Another point I’d like to make is that every sorority chooses it’s new members differently. So I can’t honestly tell you what you’re up against. But I do know how my organization selects girls and all I can say is that it’s all about being a good fit all around. There’s a lot of different things we look at but at the end of the day my best advice for any PNM reading this is to really show interest in all of the organizations. Attend the events, follow the Instagram pages (like the photos?), reach out to members, act genuinely excited and happy to be around the members. We love to see your interest because it lets us know that you like us (or at least that you could like us). Any organization, no matter who they are, isn’t going to waist their time on girls who don’t seem like they really want them. Even if we are really interested in you. If we think you don’t want us you’ll be lost behind other girls who seem like they do care.

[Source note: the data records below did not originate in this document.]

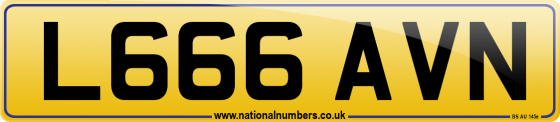 L666 AVN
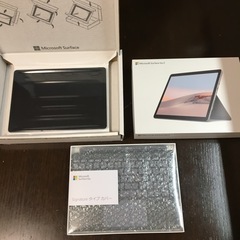 【ネット決済・配送可】★ほぼ新品★マイクロソフト Surface...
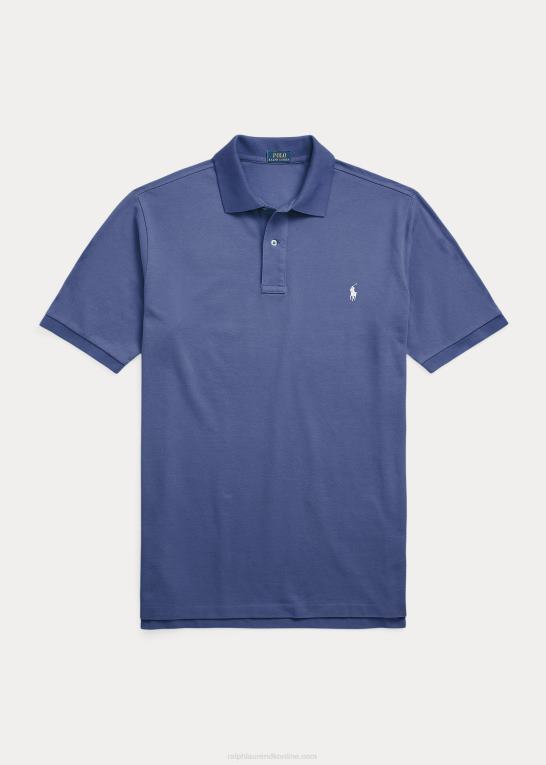 gammel kgl Mænd Ralph Lauren den ikoniske mesh poloshirt Z426B1827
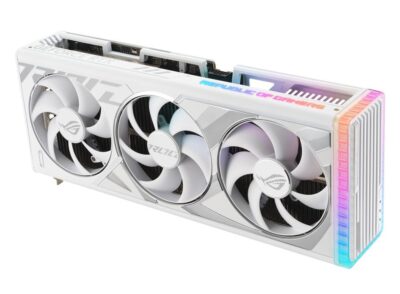 ASUS ROG STRIX RTX 4080 GAMING WHITE rog strix rtx4080 16g white model NVIDIA GPU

I’m sure anyone going through recruitment knows that making ANY organization uninterested in you (even if it is one you don’t think you want) is a terrible idea. You’re going to need sororities to keep you around in order to get to the organization you think you want, and even more so you are going to need sororities to keep you around in case the sorority you think you want decides they don’t want you. Putting all your eggs in one basket is the worst mistake you can make.
I could probably go on a lot longer about recruitment; what to expect, how to act, what to wear, etc. and maybe I will write blogs about all those things. But in an effort to not make this post too long or wordy I’m going to end this here.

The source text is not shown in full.